I thank God for obliviousness in any way, shape or form I can get it. Otherwise my overwhelmingly over sensitive nature tends to sabotage me and threaten to overload my senses with liberal doses of self-consciousness and worry. And that’s not good for anybody.
Take the big preoccupation we all have of aging. I was lucky to have 3 older, exemplary brothers reach critical maturity milestones before me. So gradually losing most of my hair and being stunned to discover a thickening of my waistline were all modelled by my siblings way before me–with great grace and flair too I might add. And I suppose that seeing how authentic they remained no matter what the permutations of time have wrought, kind of made me feel the same way about myself.
Fortunately I was never so successful in creating “Glory Days” type memories from some banner year; like Napoleon Dynamite’s Uncle Rico, that I could leave the past well enough alone as just a cherished memory and not as an obsession requiring some new time machine to transport me back to 1982.

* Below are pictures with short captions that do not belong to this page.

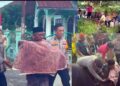 Polisi Kawal Pemakaman Korban Kebakaran Padangsidimpuan Sambil Edukasi Warga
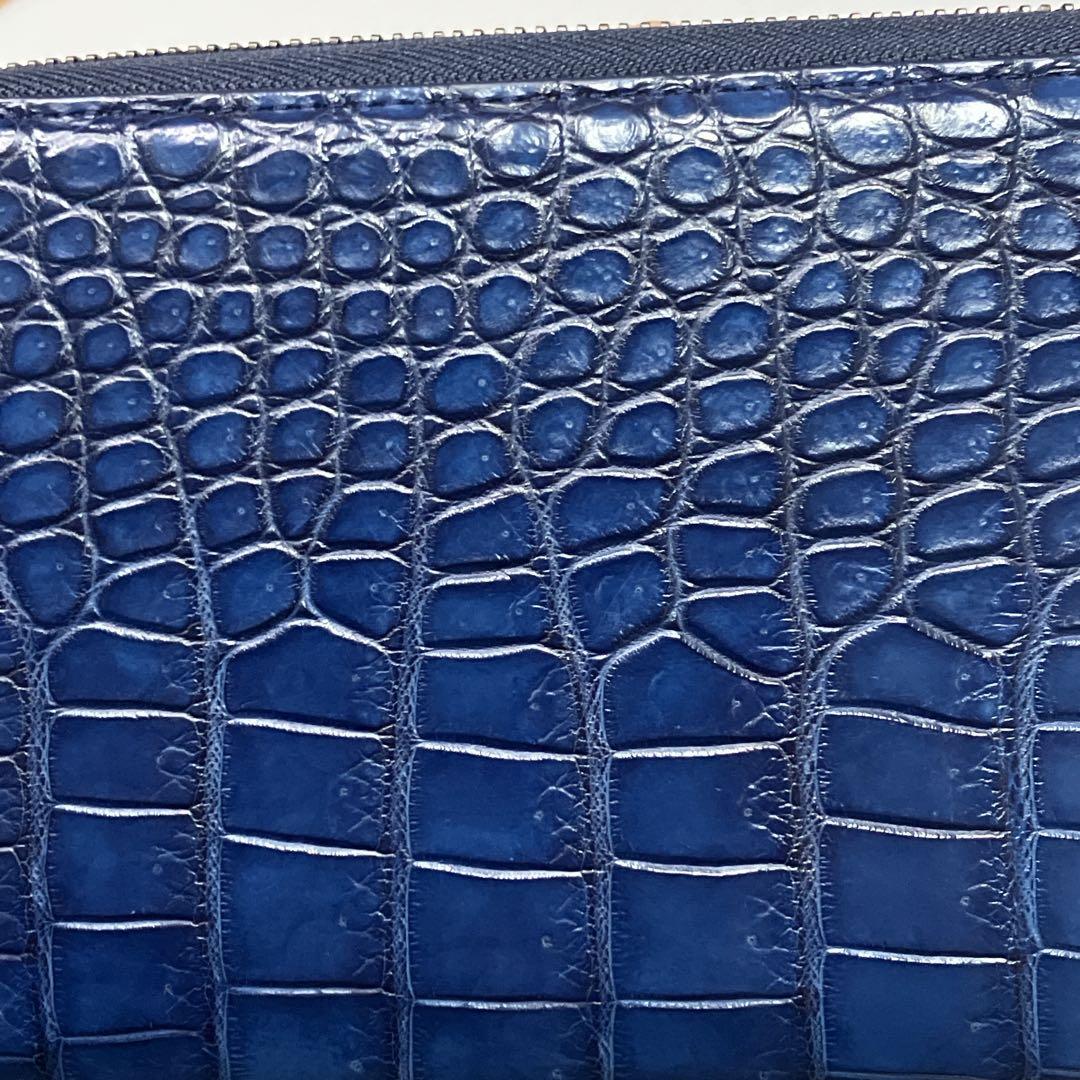 【美品】池田工芸　藍染め　クロコ　長財布ビックウォレット　内装ゴールドパイソン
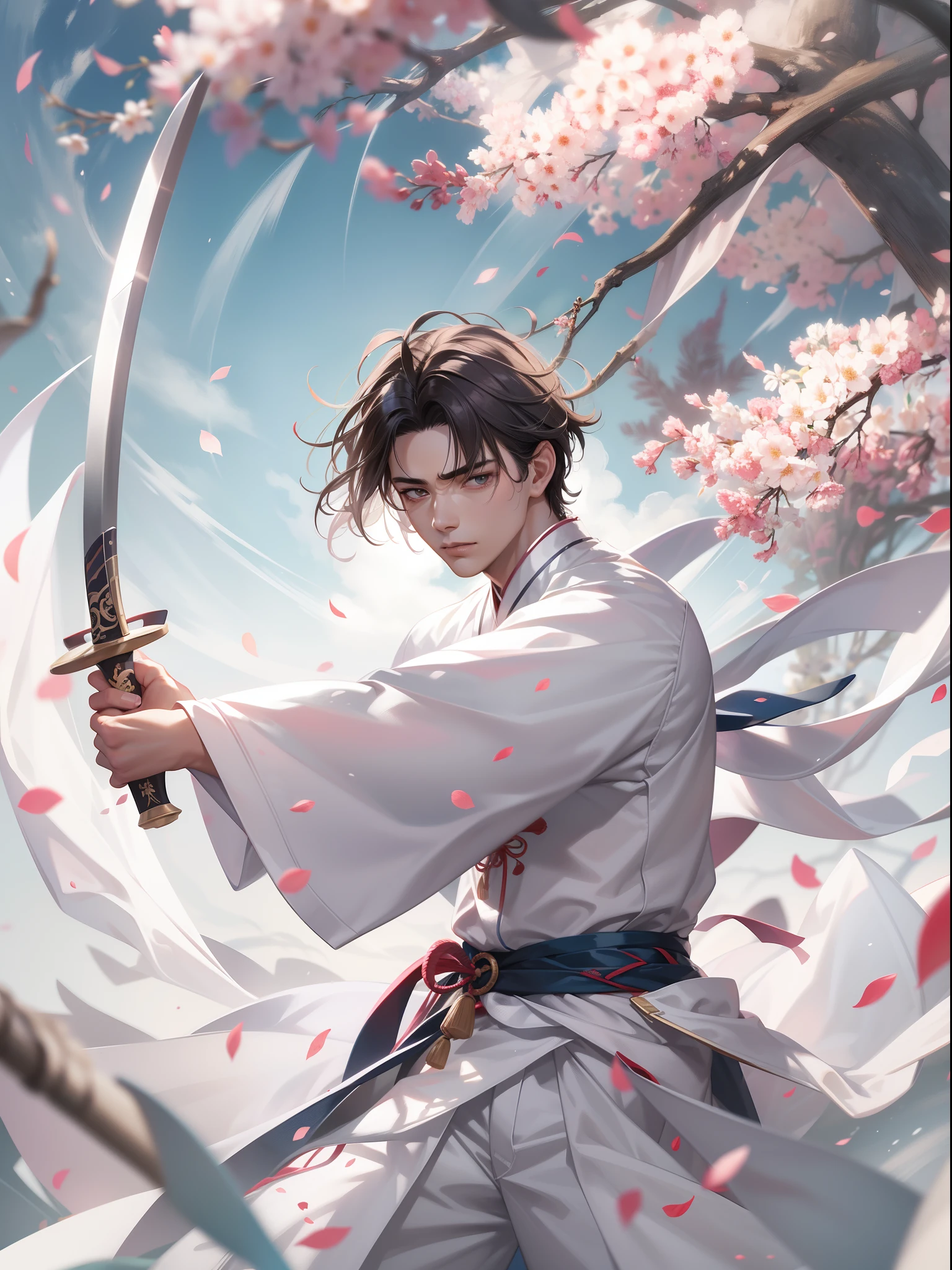 (a teenager male swings chinese sword),(handsome male), (white hanfu), wind surround, colorful flowers surround, reality, clear face, clear and bright eyes, high detail, cinematic lighting, motion blur, ray tracing, reflection light, (close-up), masterpiece, best quality, high quality, anatomically correct, textured skin, high details, super detail, 1080P, UHD, HD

I am also so very grateful that I can be lulled into accepting the raw deal that is getting old by very tiny little degrees—until it just becomes a part of who I am—or who this version of me is.
In other words, I was never MADE old overnight by some atom bomb or horrific car accident. My hairline retreated gently into the night; not dramatically.
Whatever the reason, all I know is that whenever I look in the bathroom mirror, even freshly after stumbling in from just waking up with my super fine patchwork of hair all splayed akimbo, I can still shake it off and grin like a loon at myself.
Something seems to insulate me. No matter how far away I am from resembling Brad Pitt or even myself at 22; still I somehow manage to never be crushed by what I might see. No “Mirror, mirror on the wall who’s the fairest of them all” Snow White tale of temper tantrumming ensues for my not being number one in my age category.
Certainly my vision has been clear enough for me to spot the rogue gray hairs that creep in on the temples or speckle my goatee more thoroughly day by day. My mind DOES make the connection of what, no doubt, lays ahead down the road like a complete submission of ALL gray hair, and an eventual shaving of the entire dome of my head as a final concession.
Until that day I do my best to follow what my wife tells me to do regarding my appearance and attire. And I let her cut each encroaching gray hair on my side burns so as to feel like I am winning some hand to hand combat with time.
I appreciate her game attempts at making me more presentable.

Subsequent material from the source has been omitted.